SELECT COALESCE(NULL, '1d2', 3, 1, 1); -- error
SELECT COALESCE(NULL, '12', 3, '1d', 1); -- cast error

Thanks.

Re: COALESCE doccumentation

От
Bruce Momjian
Дата:
On Sat, Apr 27, 2019 at 08:26:57PM +0000, PG Doc comments form wrote:
> The following documentation comment has been logged on the website:
> 
> Page: https://www.postgresql.org/docs/11/functions-conditional.html
> Description:
> 
> The documentation says:
> 
> "The COALESCE function returns the first of its arguments that is not null.
> Null is returned only if all arguments are null. It is often used to
> substitute a default value for null values when data is retrieved for
> display, for example"
> 
> Which is NOT TRUE. In addition, it is obscure and misleading.
> 
> The COALESCE(<value expression>, ..., <value expression>) scans the list of
> <value expression>s from left to right, determines the highest data type in

What is a highest data type?  The first data type?

> the list and returns the first non-NULL in the list, casting it to the
> highest data type selected in the previous step, but if all the <value
> expressions>s are NULL, the result is NULL. In case when any of the <value
> expressions>s in the list cannot be evaluated to the highest data type then
> exception is thrown.
> 
> Try, for example. 
> 
> SELECT COALESCE(NULL, '12', 3, 1, 1); -- OK!
> SELECT COALESCE(NULL, '12.2', 3.2, '1', 1.1); -- OK!
> SELECT COALESCE(NULL, '1d2', 3, 1, 1); -- error
> SELECT COALESCE(NULL, '12', 3, '1d', 1); -- cast error

What is wrong about the existing description?  That it doesn't mention
mixing data types?

-- 
  Bruce Momjian  <bruce@momjian.us>        http://momjian.us
  EnterpriseDB                             http://enterprisedb.com

+ As you are, so once was I.  As I am, so you will be. +
+                      Ancient Roman grave inscription +



Re: COALESCE doccumentation

От
Daniil Treshchin
Дата:
Hi Bruce, David.

Comment: "Without further elaboration as to the shortcomings"
I provided a clear description on why, but for some reason it was missed in this thread.

Here it is:

The COALESCE(<value expression>, ..., <value expression>) scans the list of <value expression>s from left to right, determines the highest data type in the list and returns the first non-NULL in the list, casting it to the highest data type selected in the previous step, but if all the <value expressions>s are NULL, the result is NULL. In case when any of the <value expressions>s in the list cannot be evaluated to the highest data type then exception is thrown.

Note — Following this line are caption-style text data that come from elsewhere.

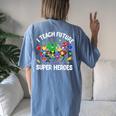 I Teach Future Super Heroes Teaching Mother Day Women's Oversized Comfort T-shirt Back Print Blue Jean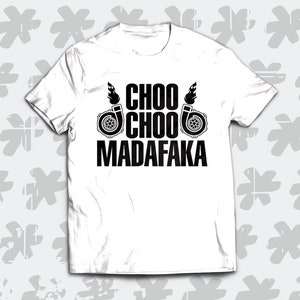 Choo Choo Madafaka Shirt. Funny t-shirt for boost and turbo lovers!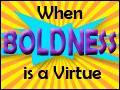 When Boldness is a Virtue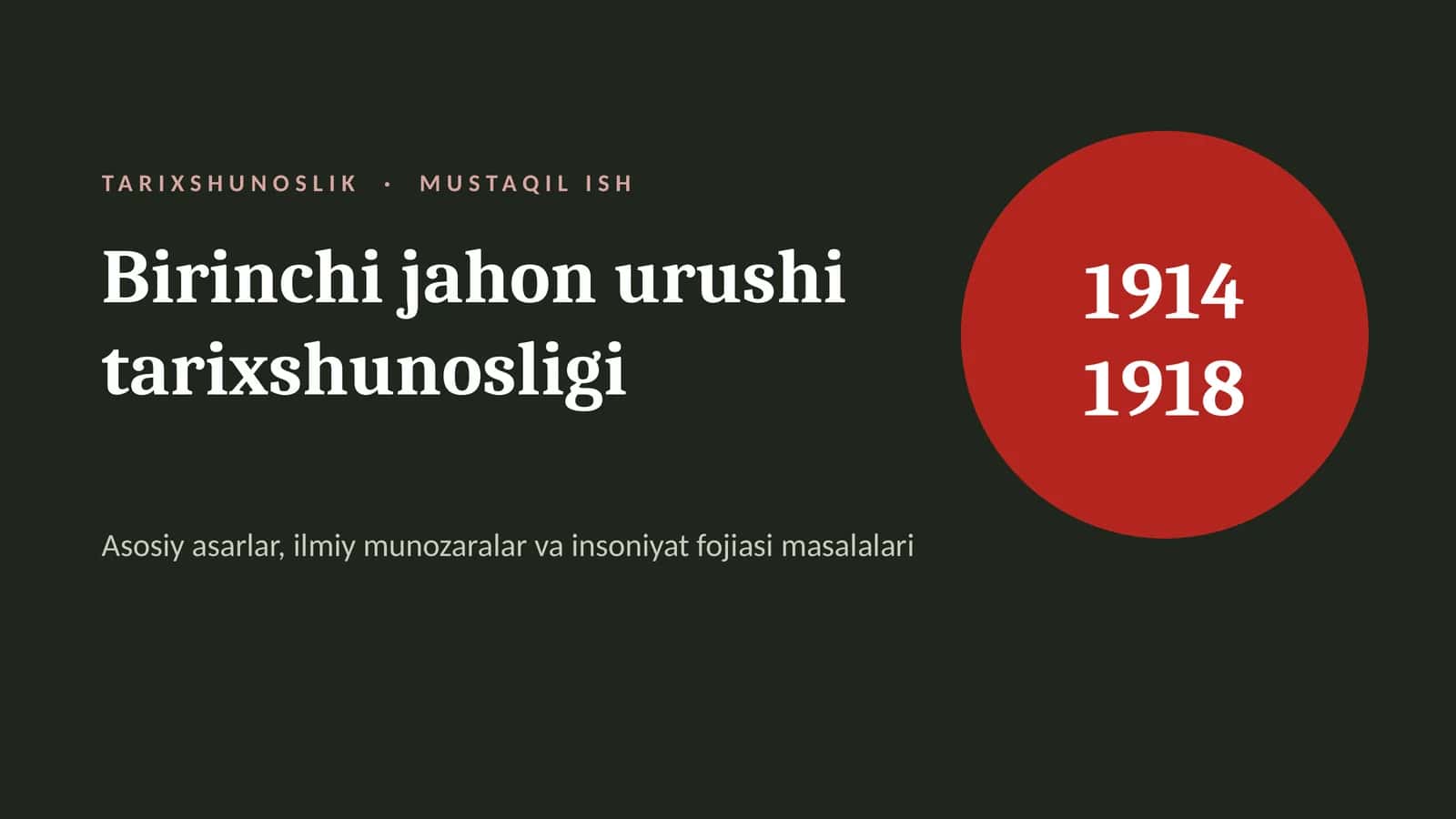 Birinchi jahon urushi tarixshunosligi 1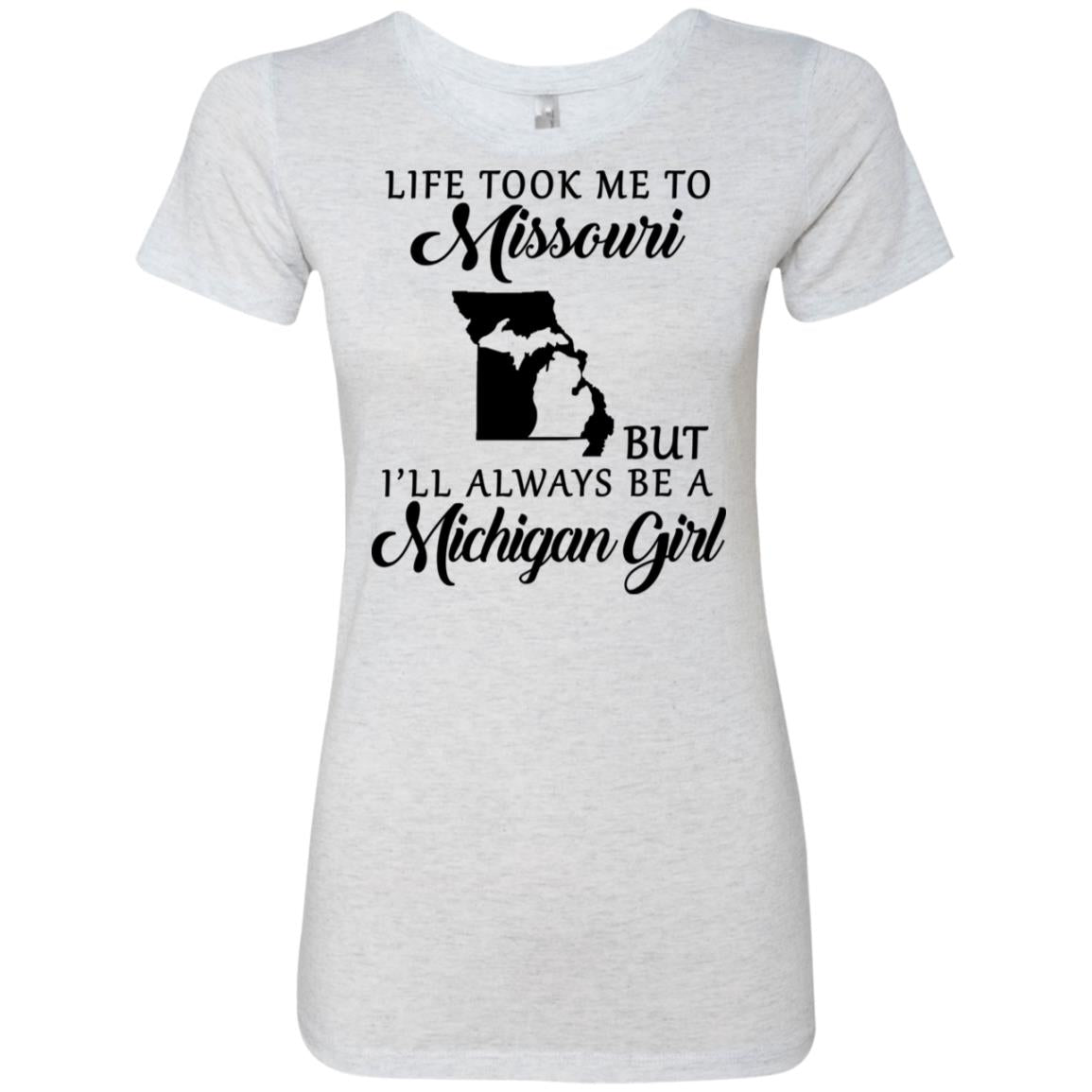 Life Took Me To Missouri But I'll Always Be A Michigan Girl T-Shirt - T-shirt Teezalo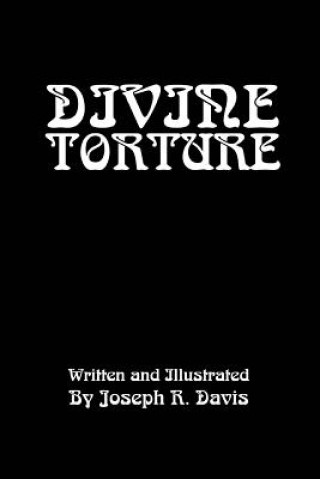 Knjiga Divine Torture Joseph R Davis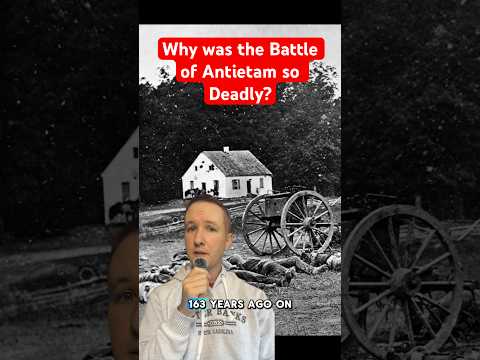 Why was the Battle of Antietam so deadly? #history #civilwar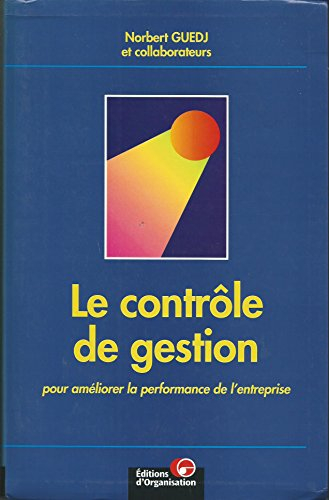 Le contrôle de gestion : pour améliorer la performance de l'entreprise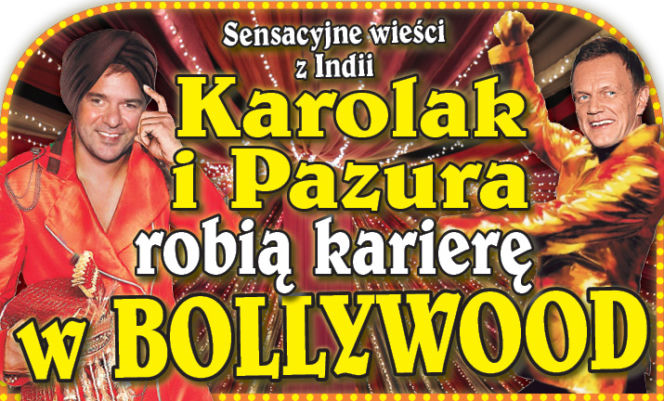 Karolak i Pazura robią karierę w bollywood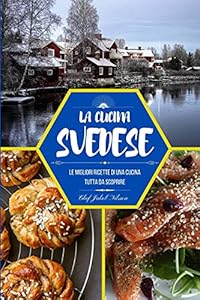 La cucina svedese: Le migliori ricette di una cucina tutta da scoprire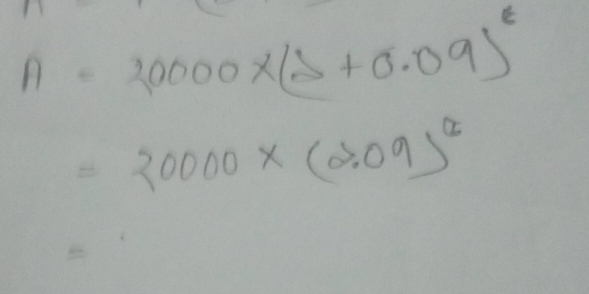 A=20000* (5+0.09)^e
=20000* (2.09)^a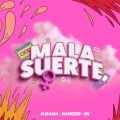 Mala Suerte (Explicit)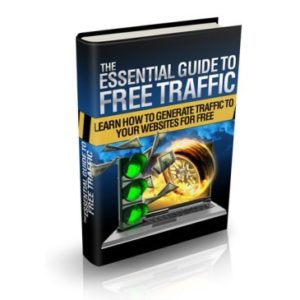 The Essential Guide to Free Traffic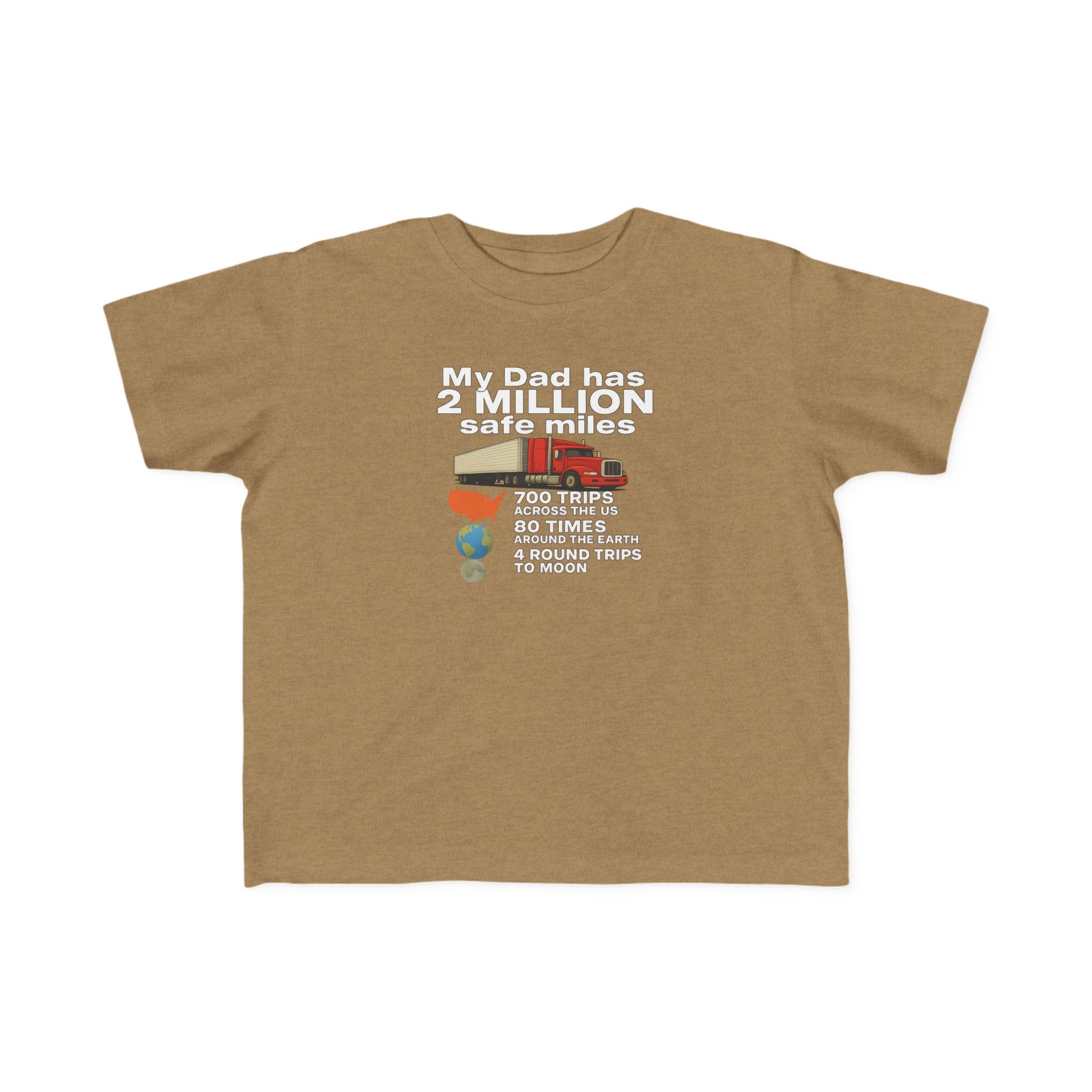 Toddler Tee: "My Dad Has 2 Million Safe Miles" Truck Driver Baby Shirt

Question: What is a highest data type? The first data type?

This is not the first datatype but there is an order, for example:

numeric
integer
character varying
text

If you mix numeric, integers and text in any order, then it will be evaluated to numeric;
If you mix integers and text, then it will be evaluated to integer;

Again, from my example:

SELECT COALESCE(NULL, '12', 3, 1, 1); -- OK! evaluated to integer
SELECT COALESCE(NULL, '12.2', 3.2, '1', 1.1); -- OK! evaluated to numeric
SELECT COALESCE(NULL, '12', 3, 1.2, 1);  -- OK! evaluated to numeric
SELECT COALESCE(NULL, '1d2', 3, 1, 1); -- error
SELECT COALESCE(NULL, '12', 3, '1d', 1); -- cast error

The documentation says nothing about it and the description is obscure.
What the docs are not saying:

1) COALESCE scans the list of <value expression>s
2) COALESCE determines the highest data type in the list of <value expressions>s
3) COALESCE casting the first non-NULL to the highest data type
4) COALESCE evaluates every <value expression>s to the highest datatype selected in step (2)

In addition the doc says:
"Like a CASE expression, COALESCE only evaluates the arguments that are needed to determine the result; that is, arguments to the right of the first non-null argument are not evaluated."

This is so not true according to the doc and just breaks a simple test.

SELECT COALESCE(NULL, '12', '3', '1.2', (SELECT profile_code FROM profile LIMIT 1));  -- OK! evaluates to character varying
SELECT COALESCE(NULL, '12', 3, '1.2', (SELECT profile_code FROM profile LIMIT 1));  -- ERROR! failed to evaluate to the highest datatype - integer

Thank you,
On Monday, April 29, 2019, 4:46:39 PM PDT, David G. Johnston <david.g.johnston@gmail.com> wrote:


On Mon, Apr 29, 2019 at 4:13 PM Bruce Momjian <bruce@momjian.us> wrote:
On Sat, Apr 27, 2019 at 08:26:57PM +0000, PG Doc comments form wrote:
> The following documentation comment has been logged on the website:
>
> Page: https://www.postgresql.org/docs/11/functions-conditional.html
> Description:
>
> The documentation says:
>
> "The COALESCE function returns the first of its arguments that is not null.
> Null is returned only if all arguments are null. It is often used to
> substitute a default value for null values when data is retrieved for
> display, for example"
>
> Which is NOT TRUE. In addition, it is obscure and misleading.
> Try, for example.
>
> SELECT COALESCE(NULL, '12', 3, 1, 1); -- OK!
> SELECT COALESCE(NULL, '12.2', 3.2, '1', 1.1); -- OK!
> SELECT COALESCE(NULL, '1d2', 3, 1, 1); -- error
> SELECT COALESCE(NULL, '12', 3, '1d', 1); -- cast error

What is wrong about the existing description?  That it doesn't mention
mixing data types?


The OP's example demonstrates a more basic confusion about types that needs to be learned independent of COALESCE.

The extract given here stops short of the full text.